Как Киркегор, Шестов стал своеобразным коррективом эпохи. Его реакция на забвение человеческой личности в философии позитивизма была справедливой. Его мисология -- дерзкий вызов буржуазной рассудочности. Шестов боролся за восстановление прав индивида, за его достоинство, и в этой борьбе он шел действительно за Достоевским. Но роковым его шагом, подсказанным Ницше, стала идея решительного разрыва человека с "другими", погружения его в одиночество как в единственно подлинную среду для исследования его сущности и поисков путей к спасению.

В результате "философия трагедии" отчуждает Шестова от реальных проблем культуры и приводит его к прямой конфронтации с ней. Шестов единоборствует с культурой как с помехой на пути к истинным проявлениям человеческого духа, не сознавая того, что именно культура является выражением этого духа во всей его противоречивости.

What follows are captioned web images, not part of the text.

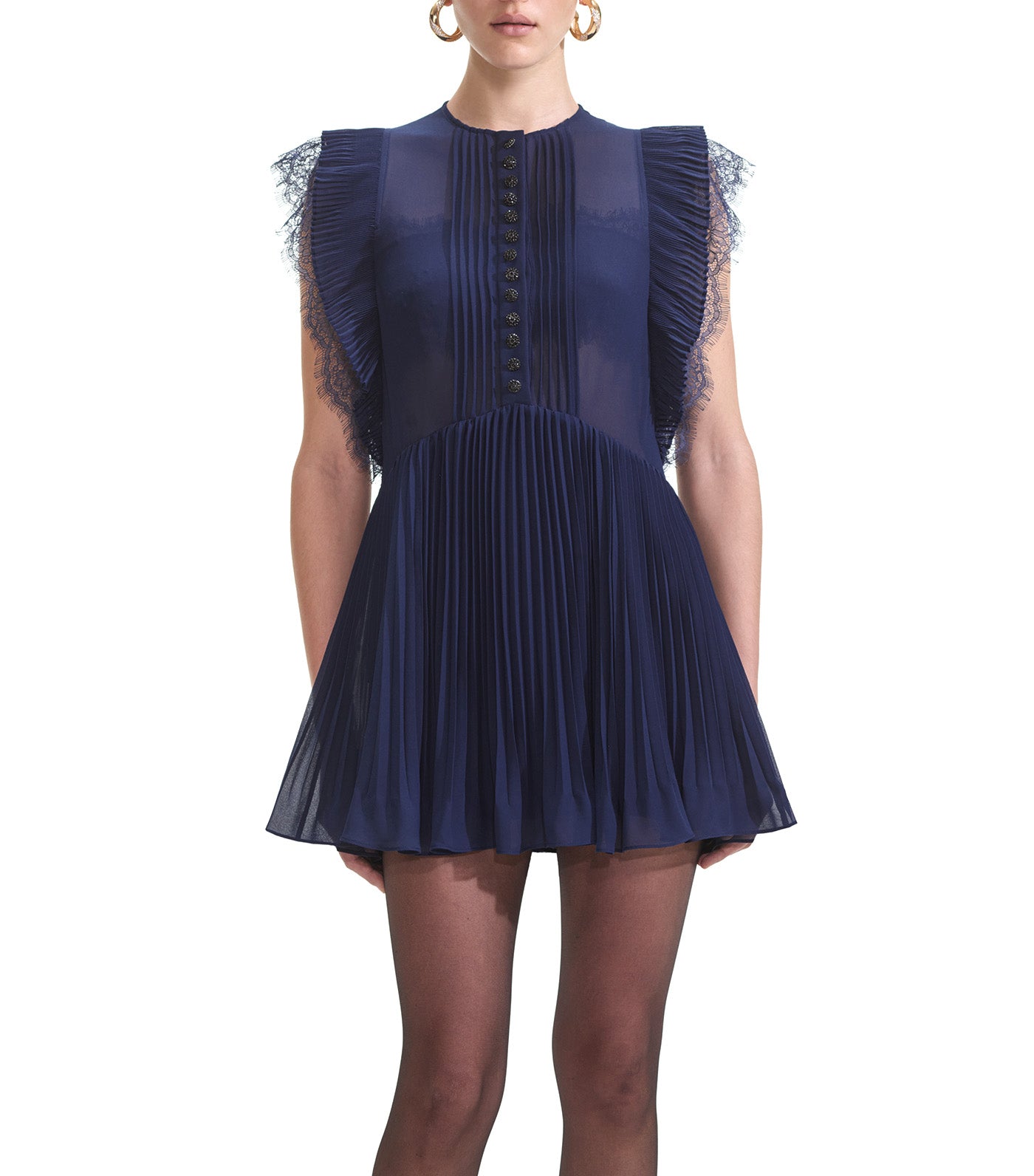 Chiffon Ruffle Mini Dress Navy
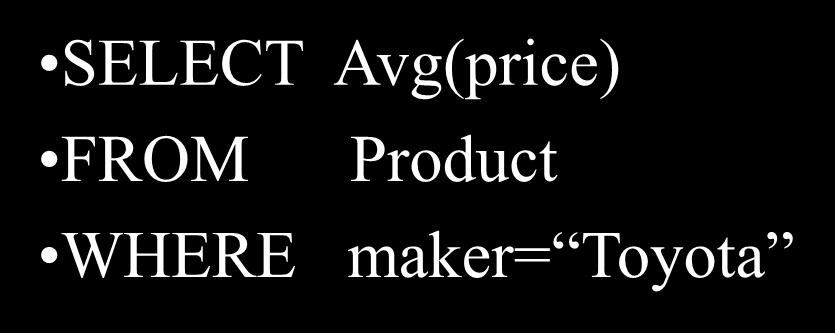 Aggregation SELECT Avg(price) FROM Product WHERE maker= Toyota SQL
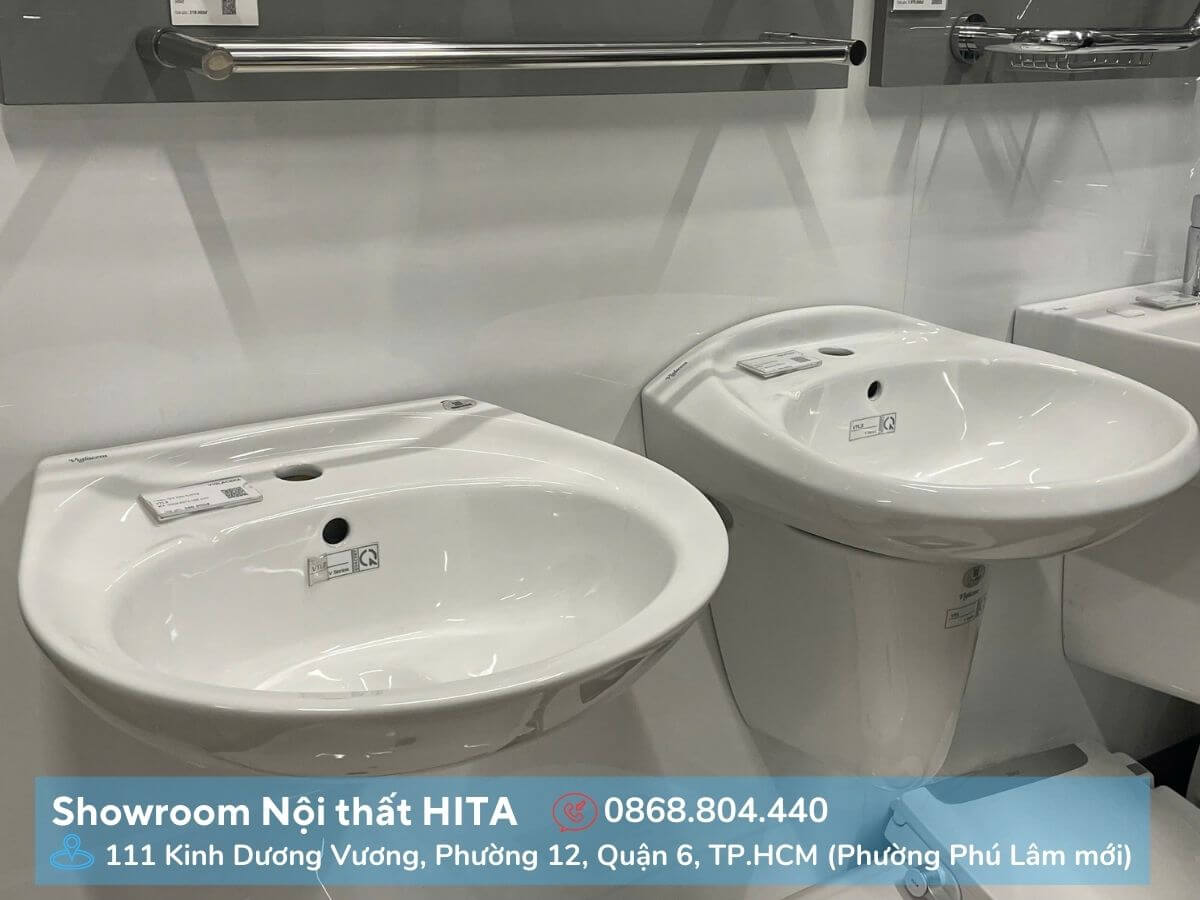Showroom HITA trưng b&agrave;y chậu rửa mặt lavabo đa dạng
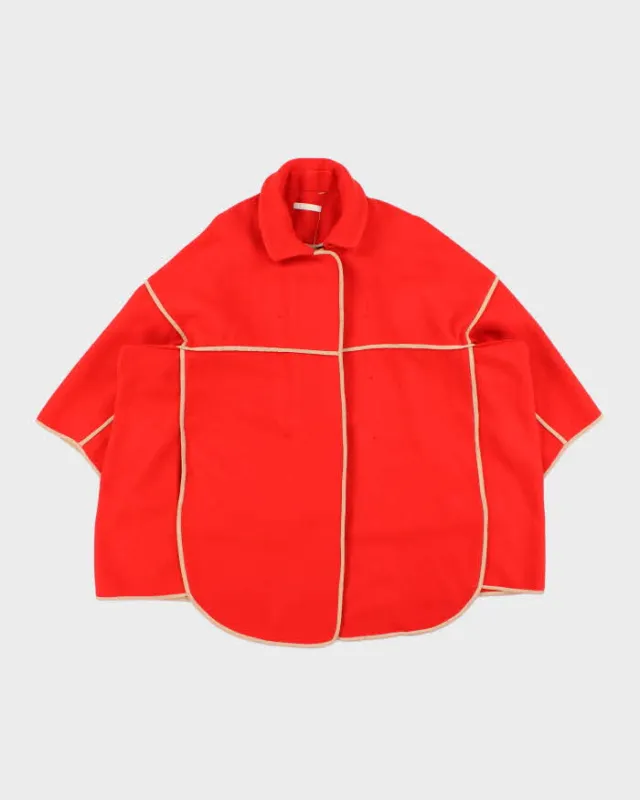Vintage FW2005 Chloe Women's Bright Red Wool Blend Silk Trim Oversized Blanket Coat - L made by Chloe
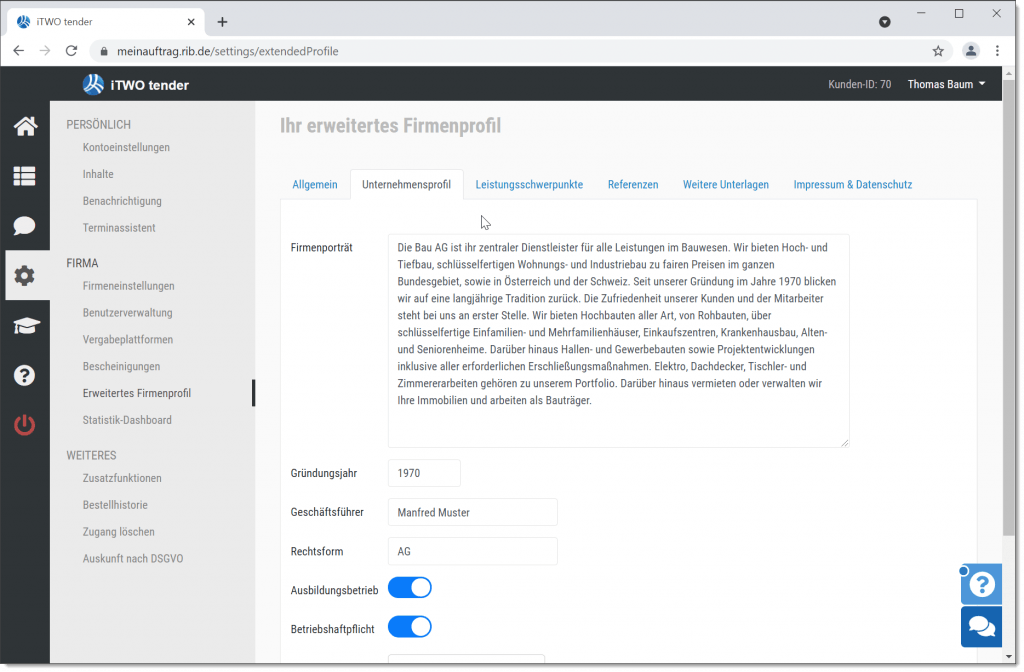 Firmenprofil - Definition der Einstellungen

Акцент, сделанный Шестовым на трагизме индивидуального существования, имеет двойственное значение. С одной стороны, мысль о смерти безусловно способствует оформлению человеческой личности, дисциплинирует ее, вырывает из пут философии "всемства", и нельзя не согласиться с тем, что "человек, который никогда не ужасался смерти и прожил всю свою жизнь так, как будто смерть и не ждет его впереди, должен поражать нас своей почти животной ограниченностью" (6, 114). Однако, с другой стороны, навязчивая идея трагизма, которой живет философия Шестова, грозит обрести пародийное звучание. В этой связи вспоминаются слова Вяземского о Жуковском,-- их можно адресовать Шестову: "Жуковский более других должен остерегаться от однообразия: он страх как легко привыкает. Было время, что он напал на мысль о смерти и всякое стихотворение свое кончал своими похоронами. Предчувствие смерти поражает, когда вырывается; но если мы видим, что человек каждый день ожидает смерти, а все-таки здравствует, то предчувствие его, наконец, смешит нас... Евдоким Давыдов рассказывает, что изувеченный Евграф Давыдов говорил ему, что он все о смерти думает: "Ну, и думаешь, что умрешь вечером; ну, братец, и велишь себе подать чаю, ну, братец, и пьешь чай и думаешь, что умрешь, ну, не умираешь, братец; велишь себе подать ужинать, братец; ну, и ужинаешь, и думаешь, что умрешь; ну, и отужинаешь, братец, и не умираешь; спать ляжешь; ну, братец, и заснешь и думаешь, что умрешь, братец; утром проснешься, братец; ну, не умер еще; ну, братец, опять велишь себе подать чаю, братец".

Суть этих иронических слов состоит в том, что человек в основе своей ориентирован на жизнь, и эта ориентация, как правило, определяет его отношение к миру. "Новое зрение" ангела смерти не в силах победить "старого", человеческого зрения, и причина "предательств", совершенных, по Шестову, Достоевским, Толстым и даже таким "надежным" поначалу Киркегором, скрыта именно здесь. Эти "предательства" ценны тем, что они не возвращают к обыденности, но открывают возможность двойного зрения, которое уничтожает разрыв между "ночным" и "дневным" уровнями мысли.